On the eve of the motion’s introduction, the CEO of an association representing 500 independent oil and natural gas producers said Wesson’s proposal would hurt local jobs, reduce tax revenue and likely result in legal action.
“If the council proceeds with this study, it needs to take into account the economic impact of banning local energy jobs, the loss of state and local taxes, the legal exposure the city will face from an illegal taking of private property, as well as the increased dependence on imported foreign oil tankered into L.A.’s ports,” said Rock Zierman, CEO of the California Independent Petroleum Association.
If the study were to lead to a law banning drilling near residential properties, it could have wide-ranging implications for the local industry, which has more than 1,000 oil wells in the city and more than 580,000 residents living within a quarter-mile of one.

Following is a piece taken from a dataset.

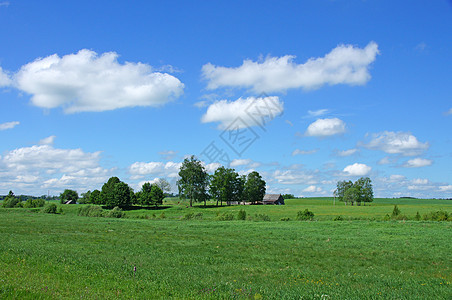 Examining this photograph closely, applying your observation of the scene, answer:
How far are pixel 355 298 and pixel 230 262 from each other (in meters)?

Zierman said the environmental standards for drilling in Los Angeles are among the strongest in existence.
“Production within the Los Angeles basin must follow the toughest standards in the nation, if not the world. This not only includes regulation by the city, but also the county, regional air quality management, as well as state and federal regulators,” Zierman said.
In January, residents who live near a South L.A. drilling site on Jefferson Boulevard lined up at a city Office of Zoning Administration hearing to complain of health problems, excessive noise and pollution.
In 2015, several activist groups representing youth filed a lawsuit claiming the city permitted oil wells near residential areas without conducting environmental studies required under state law and violated anti-discriminatory practices because so many of the wells are located in minority neighborhoods.
The lawsuit, which was not seeking money, was settled in 2016 and officials agreed to implement new procedures to ensure the city complies with California Environmental Quality Act guidelines when permitting oil wells.